Sementara itu, mantan hakim agung, Prof. Gayus Lumbuun, mengatakan dalam kasus yang dialami notaris Hartono harusnya ada eksaminasi internal. Karena menurutnya, yang menentukan langkah-langkah seorang notaris itu hanya notaris yang tahu.
“Hakim yang menangani perkara itu kan tidak ada yang berlatar belakang notaris. Kalau ada khusus notaris akan terbuka setiap keadilan. Tetapi hakimnya adalah yang berlatar belakang pidana umum, begitu juga jaksa dan penyidik. Jika dibentuk misalnya penyidik, jaksa atau hakim dengan latar belakang notaris itu baru bisa,” paparnya.

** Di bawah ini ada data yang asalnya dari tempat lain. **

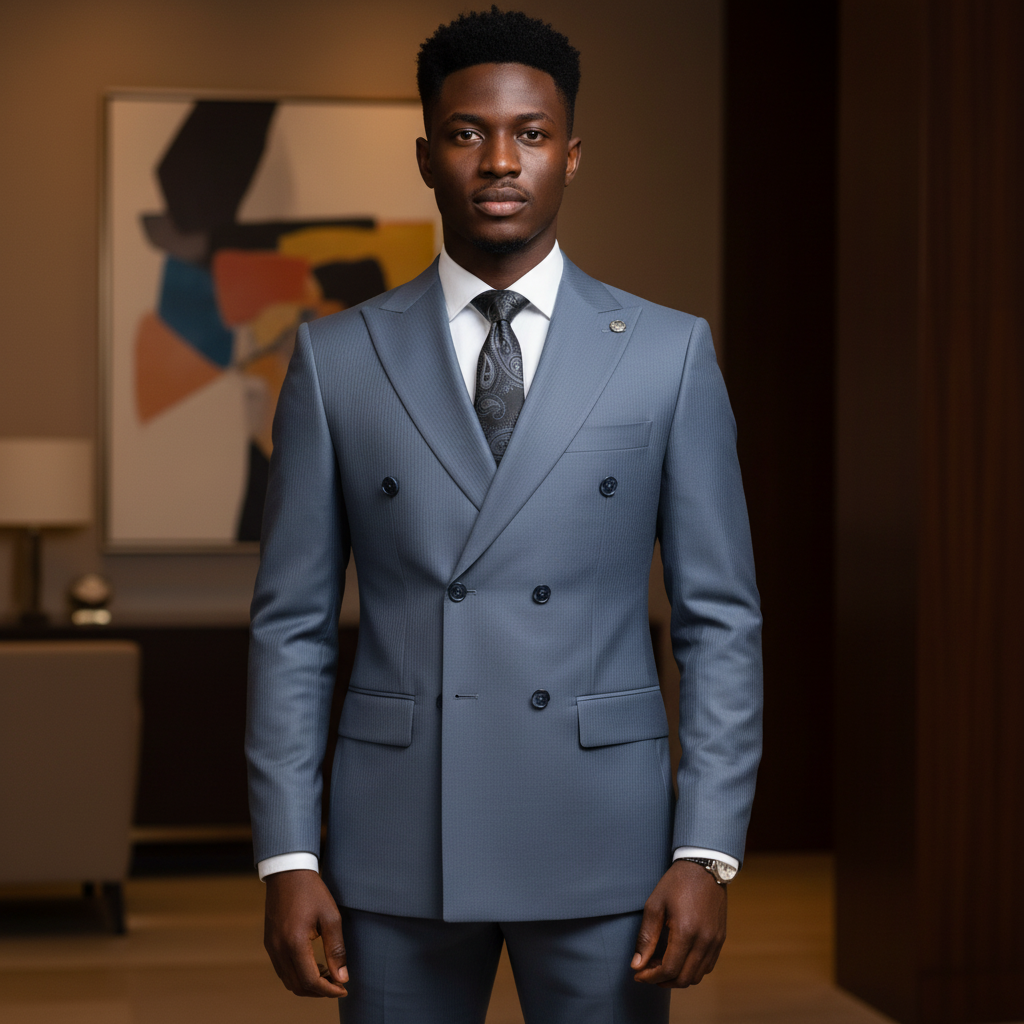 Steel Blue Double-Breasted Suit â€“ Nigerian Model Full Square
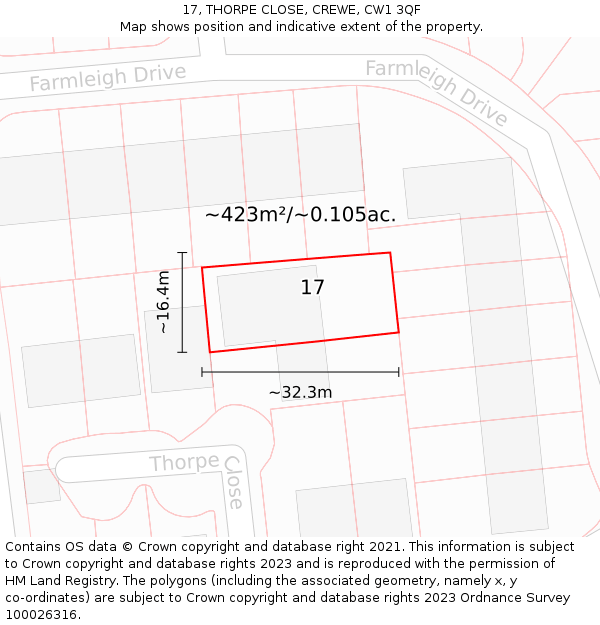 17, THORPE CLOSE, CREWE, CW1 3QF: Plot and title map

“Seperti, kasus perkara Tipikor penyidik maupun jaksa yang khusus menangani perkara tersebut. Atau, perkara anak dimana penyidik dan jaksa yang khusus menangani perkara itu. Tapi kalau notaris apa bisa? Seperti perkara yang dialami Hartono Japidum-nya juga tidak ada yang berlatar belakang notaris, yang mana penafsiran hukumnya berbeda-beda,” sambung Gayus.
Namun, Gayus belum bisa berkomentar lebih jauh untuk dibuatkan Pengadilan khusus Notaris. Karena menurutnya, profesi notaris belum sebanyak dokter yang sampai hari ini sudah mencapai 200.000 orang.
“Dokter sudah merancang peradilan medis, yang mana nanti hakimnya separuh ahli hukum kesehatan, baru ditambah hakim yang lain. Jaksa-nya juga yang tahu hukum kesehatan,” ucapnya.
Anggota PP INI Terus Melaksanakan Program Kerja demi Kepentingan Anggota
Di kesempatan yang sama Ketua Umum PP INI, Yualita Widyadhari menjelaskan ada 1.013 peserta yang mengikuti acara Seminar Nasional tersebut, yang mana kegiatan itu merupakan program kerja satu tahun sebelumnya.
Yualita merasa bangga dengan era kepengurusan sekarang, karena bisa melaksanakan program kerja untuk kepentingan anggota. Agar anggota dalam 5-10 tahun ke depan harus lebih jaya lagi.
“INI sebagai wadah notaris satu-satunya yang dapat bisa berbuat untuk semua anggota. Tentunya sudah jelas seperti kita beberapa waktu lalu melaksanakan UKEN yang diikuti 2.000 ALB, itu menunjukkan kepengurusan sekarang tetap terus berlangsung hingga terjadi Kongres XXIV,” ucap Yualita Widyadhari.
“Kepada rekan-rekan kita tetap fokus melayani masyarakat, dan pengurus berbuat untuk anggota demi juga mempertahankan kepercayaan masyarakat. Ini yang membuat eksistensi INI,” lanjutnya.
Pada bulan depan PP INI akan melaksanakan seminar internasional dengan 9 negara Asia, terkait nasib notaris kedepan di era digitalisasi. Dengan Sekretaris Umum PP INI, Tri Firdaus Akbarsyah menjabat Presiden Asian Affairs Commision of The International Union of Notaries (CAAs), kata Yualita harus ada satu produk yang dihasilkan bersama pemerintah didalam peningkatan investasi, dan seperti apa nasib notaris kedepan, kalau semuanya digitalisasi.
“Sebagai pelopor di Asia, kita akan membuat seminar internasional tentang eksistensi Civil law. Nanti hasilnya kita sampaikan kepada pemerintah dan bagaimana kita berkontribusi di era digitalisasi,” ujarnya.
Dalam acara itu, kata dia, PP INI akan melaksanakan MoU dengan 9 negara di Asia. Untuk kehadiran, tidak bisa semuanya hadir, kecuali tim peninjau. Bagi Yualita, hal ini adalah pengalaman luar biasa, karena bisa melaksanakan rapat dengan komisi masyarakat Asia.
“Kita harapkan, dengan ada kegiatan itu untuk menunjukkan eksistensi INI sebelum berakhirnya kepengurusan sekarang. Dan, ini bertujuan untuk notaris Indonesia kedepan, bisa memiliki kesepahaman dengan 9 negara Asia,” katanya.